Heartbroken & guilty that I am OAD
Thanks so much for listening.
So I'm really conflicted.
I love my 1.5 year old son so much. He's so wonderful and we're even sharing hobbies already. I am a singer and he's so musically gifted - not to sound silly.
But him, my hubby and I are completely nuclear like many modern families: no family or friend group support. And I mean as measured in ACTUAL hours of childcare.
As a result we are mentally, physically and financially at our limits. Our intimacy's suffered hard, too.
I cannot imagine adding another child to our exhausted, overtired lives.
And so even though our little one has a great life, I could not guarantee the good vibes if we have another child. I feel the sacrifices would hurt our family.

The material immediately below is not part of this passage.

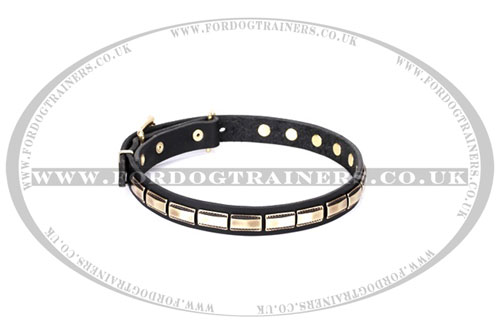 dog collar with metal plates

And here is my heartbreak. I always wanted a big family of kids, filled with love, togetherness and life. I am good at mothering.

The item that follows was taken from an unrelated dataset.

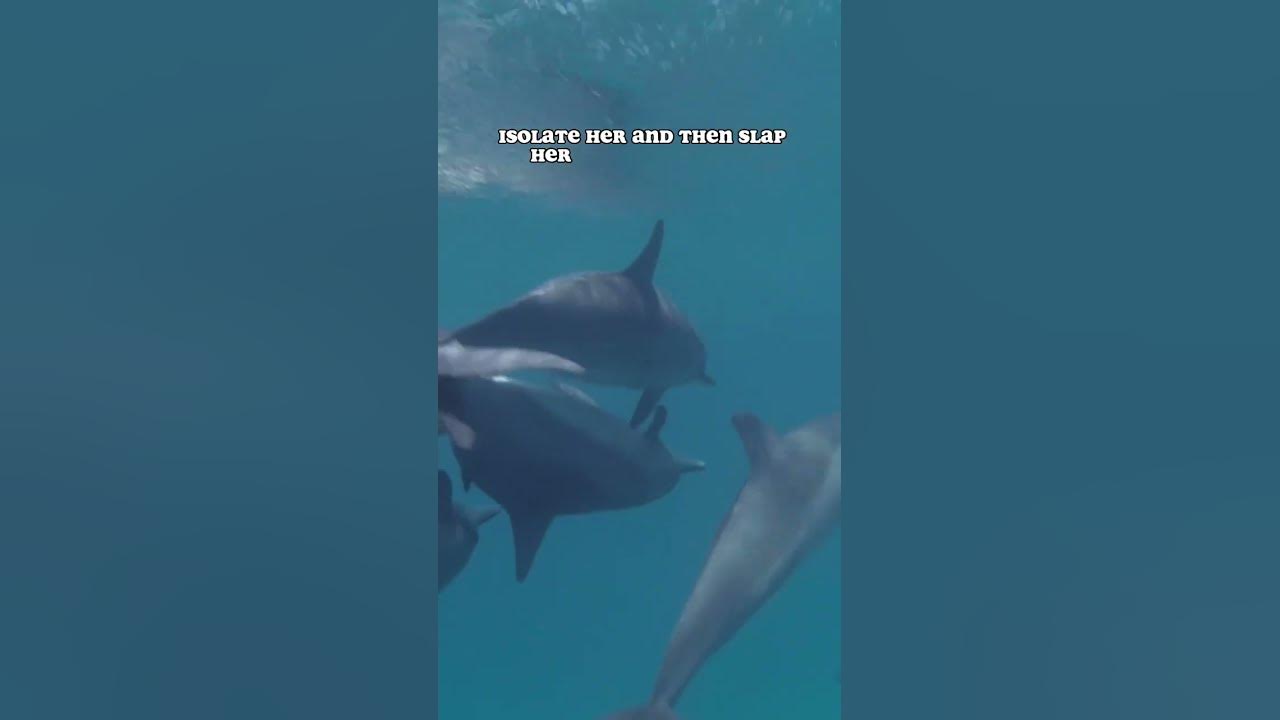 Are Dolphins Evil 😈? #terramatters #dolphin - YouTube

And yet, I'm feeling completely one and done in order to survive.
This really saddens me.
I feel guilty for robbing baby of a sibling.
For not being like the other mums with multiple kids I see in our neighborhood.
Energetic. Well-rested.
I know they must just have loads of cash to buy in childcare and support. But I am still heartbroken.
How do I reconcile my survivalist decision to be OAD with my grief over the loss of a big, lively family? Should we just "toughen up" and have another kiddo?